July 13th, 2020

Author

Bruce Liu

In the past decade, two software breakthroughs have been making a lasting impact on digital transformation: machine learning/artificial intelligence (ML/AI) and big data computing engine. People might be fairly familiar with ML/AI-powered functions such as facial/voice recognition, recommendation feeds, etc. Big data computing engine, on the other hand, is less known outside of developers' circle. In this post, we highlight two widely adopted big data computing engines.

Apache Flink

Released in 2011, Apache Flink is an open-source stream-processing framework developed by the Apache Software Foundation. Tech giants widely adopt it because of its scalability on large computer clusters. For example, Alibaba chose Apache Flink to process data for its various eCommerce platforms due to Apache Flink's support of both stream and batch processing. Interestingly, over time, Alibaba has become the most prominent tech company that contributes to the development of Apache Flink.
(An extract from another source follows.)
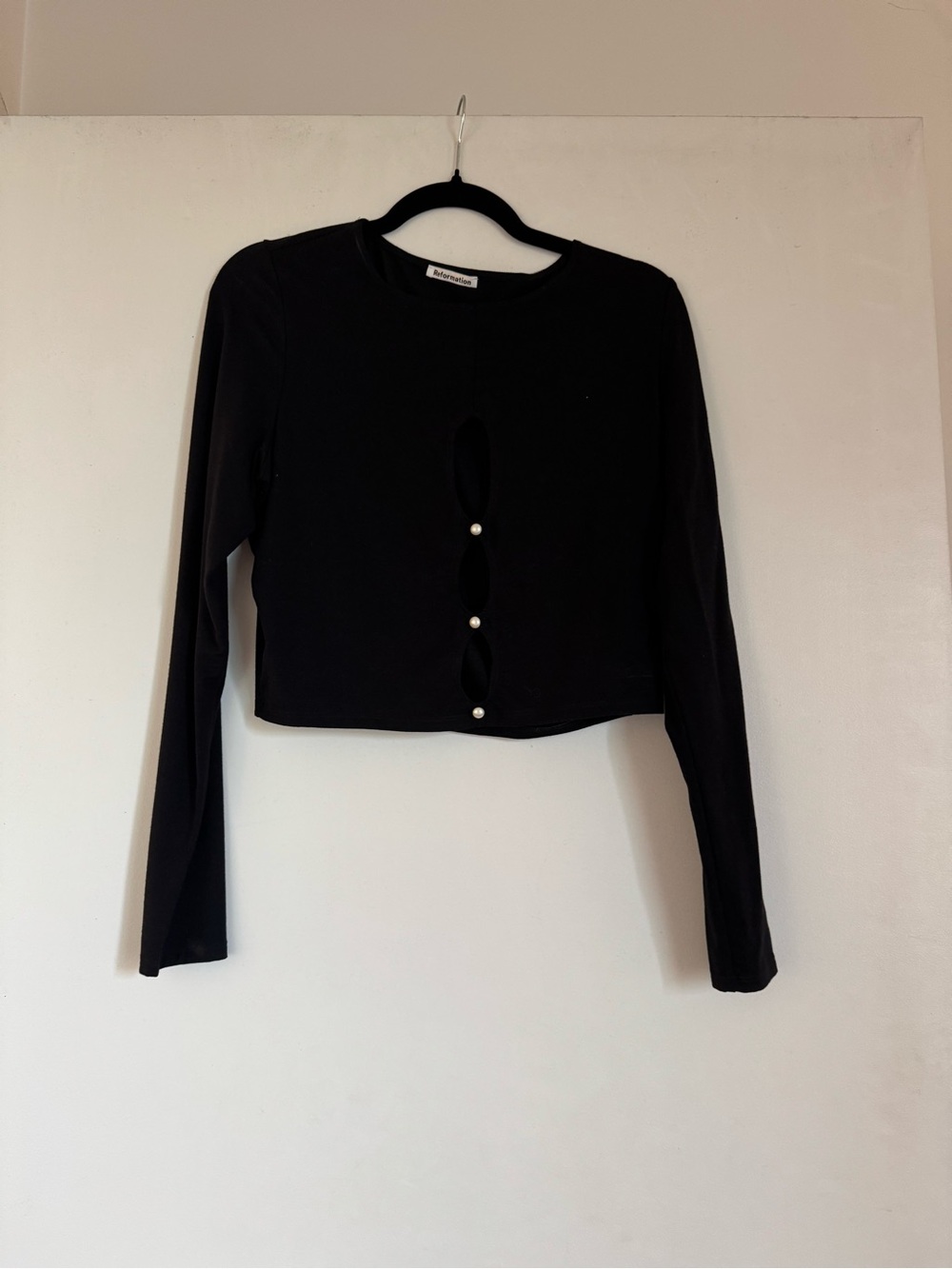 Reformation Black Long-Sleeve Cutout Crop Top with Pearl Buttons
Apache Flink is Alibaba's preferred data computing engine

Alibaba even developed its in-house version of Flink, called Blink. 70% of Alibaba's internal business uses Blink, and AliCloud also runs it for new cloud solutions, such as ET Brain and Data Middle Platform.

Blink: Alibaba's in-house Apache Flink

In addition to Alibaba, nearly all other cloud giants adopted Apache Flink for internal and external services. E.g., AWS Kinesis, a real-time video and data stream analytics tool, supports Apache Flink. Netflix is also using Apache Flink for massive data processing.

Apache Spark

Apache Spark is another popular open-source distributed cluster-computing framework for big data, out of UC Berkeley's AMPLab. Similar to Apache Flink, it can stream and batch large data sets. Spark's in-memory processing system allows it to run at a much faster speed versus Apache Flink. The original creators of Apache Spark started Databricks in 2013. Like other open-source companies such as MongoDB and Elastic Search, Databrick provides both free versions of Spark and premium SaaS services.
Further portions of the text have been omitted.